How to get object names #126

aascorreia · 2024-11-03T13:25:43Z

📝 Overall Description

Hello!

I'm currently performing Tai-e's PTA over a test class Counter with the following options:

-pp -cp bin -m classes.Counter -a pta=cs:1-call;implicit-entries:false;only-app:true;distinguish-string-constants:reflection;time-limit:-1;

The class itself looks like this:

public class Counter {
    public static void main(String... args) {
        Counter c1 = new Counter();
        Counter c2 = new Counter();
        increment(c1);
        increment(c2);
    }
    private int counter;
    static void increment(Counter c) { c.counter++; }
}

The goal in mind is to gather information regarding the objects invoking the various class methods, identifying the fields involved in read and/or write operations.

By iterating through LoadField and StoreField statements for each variable provided by PointerAnalysisResultImpl.getVars(), I am able to access the field references that are subject to read and write operations, respectively. This information is then used to populate a map whose keys correspond to said field references' names, and values store objects representing the variable's access information (method name and access type).

When running Tai-e's PTA over Counter, I get the following information:

{counter=[increment{READ}, increment{WRITE}, increment{READ}, increment{WRITE}]}

Since both c1 and c2 call increment, it makes sense that two instances of read and write operations are captured. The issue is that it would be ideal to separate these two instances into distinct map keys such that:

{c1.counter=[increment{READ}, increment{WRITE}], c2.counter=[increment{READ}, increment{WRITE}]}

While it is possible to obtain the points-to set of a given variable using PointerAnalysisResultImpl.getPointsToSet(Var), I cannot seem to find a way to "resolve" the retrieved Obj objects (example shown below) to get the corresponding object names that are present in the code (c1 and c2 in this case).

NewObj{<classes.Counter: void main(java.lang.String[])>[0@L5] new classes.Counter}
NewObj{<classes.Counter: void main(java.lang.String[])>[2@L6] new classes.Counter}

Is it feasible to obtain this information, or does the framework not allow it?

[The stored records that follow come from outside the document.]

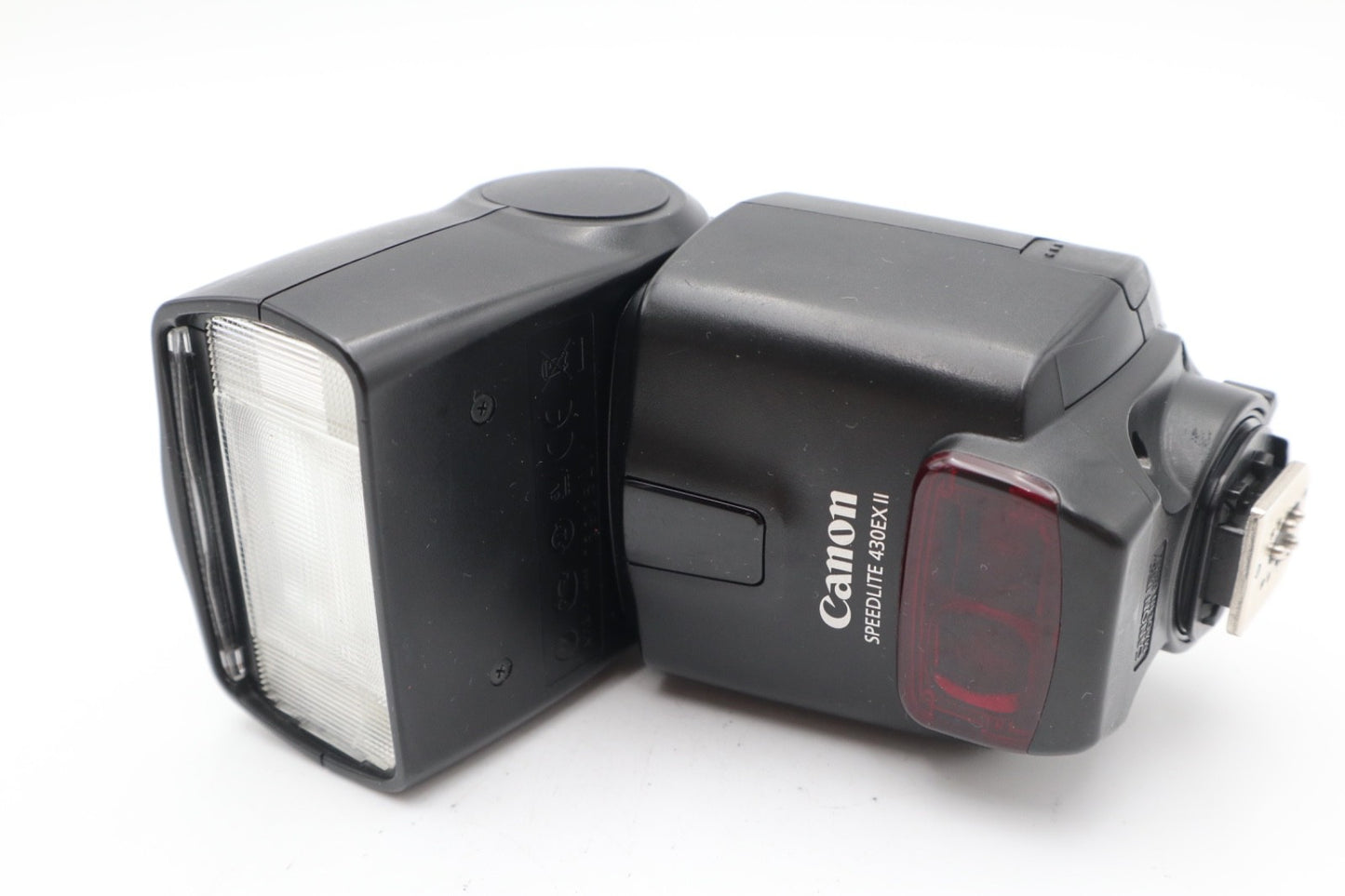 Canon Speedlite 430EX II Flash, Shoe Mount, E-TTL II, E-TTL, Good Condition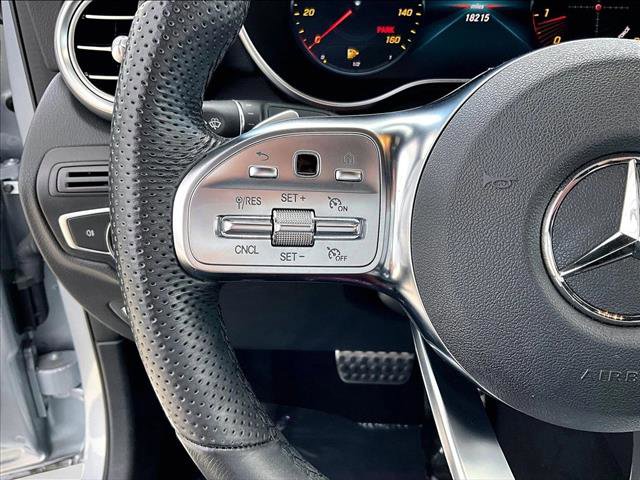 Used 2023 Mercedes-Benz GLC 300 4MATIC Coupe image 20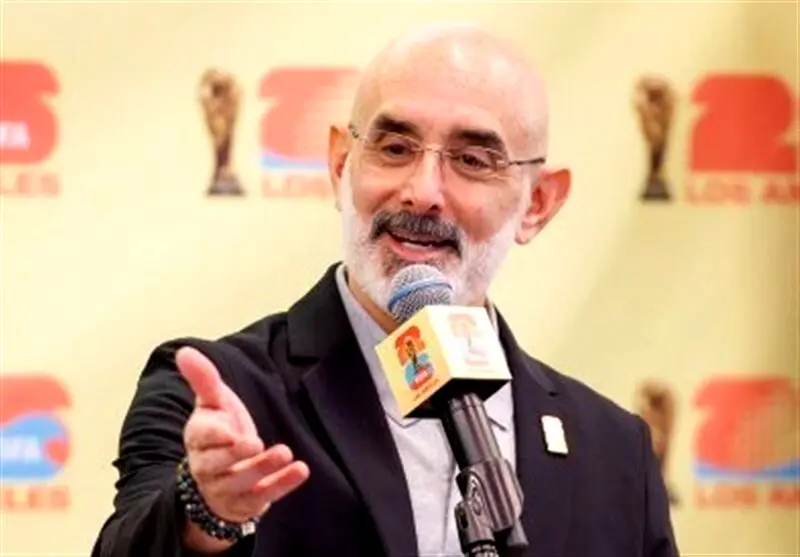 لس‌آنجلسی‌ها برای میزبانی از ایران آماده هستند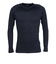 デュアリグ（DUARIG）ヒートクロス 長袖クルーネック 5F0004-AHET-786ES BLK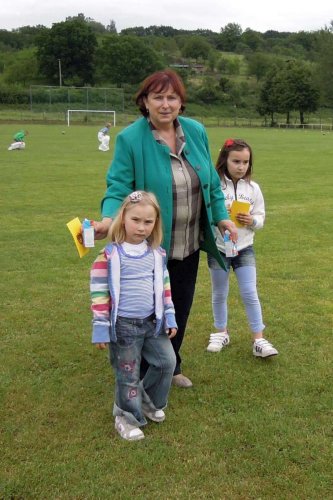 Sportovní dětský den - 9.6.2012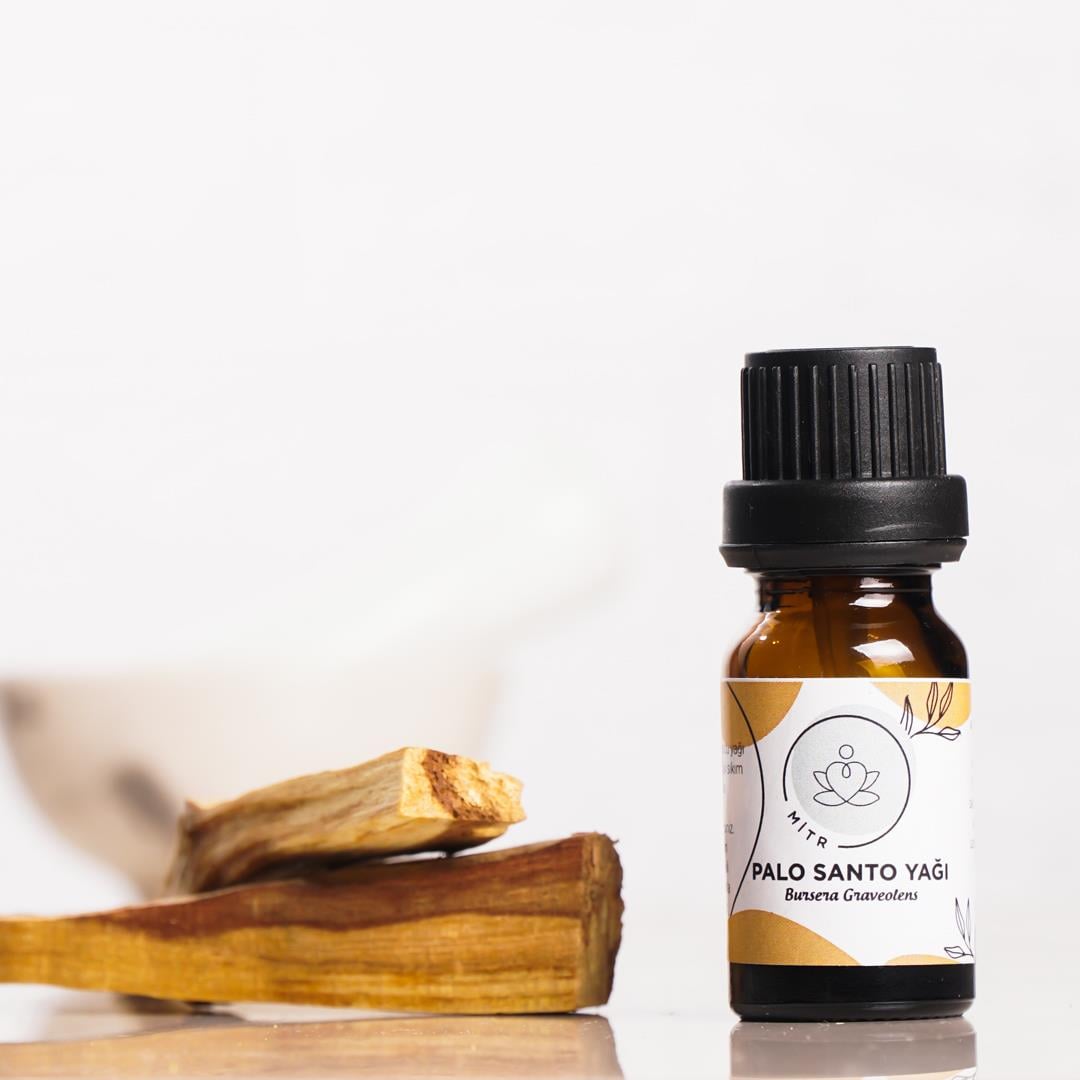Mitr Palo Santo Uçucu Yağ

Should I be using other analysis options or plugins?

Additionally, if Counter's field was instead a reference to another class which contains the counter that is modified in increment, would I have to call getPointsToSet recursively to get to c1.ref.counter, for example?

Thank you for your time.

🎯 Expected Behavior

Printing my map should output to the console:

{c1.counter=[increment{READ}, increment{WRITE}], c2.counter=[increment{READ}, increment{WRITE}]}

🐛 Current Behavior

Because I cannot obtain the actual object names currently, the console displays:

{counter=[increment{READ}, increment{WRITE}, increment{READ}, increment{WRITE}]}

🔄 Reproducible Example

No response

⚙️ Tai-e Arguments

No response

📜 Tai-e Log

No response

ℹ️ Additional Information

No response

The text was updated successfully, but these errors were encountered:

jjppp · 2024-11-04T10:46:53Z

Hi @aascorreia.

Conceptually, method increment performs READ and WRITE operations on objects rather than variables.
Here c1 and c2 are variables, while NewObj{<classes.Counter: void main(java.lang.String[])>[0@L5] new classes.Counter} and NewObj{<classes.Counter: void main(java.lang.String[])>[2@L6] new classes.Counter} are objects.
Since objects can be passed around and assigned to variables with different names, the two Counter objects's name aren't really c1 and c2.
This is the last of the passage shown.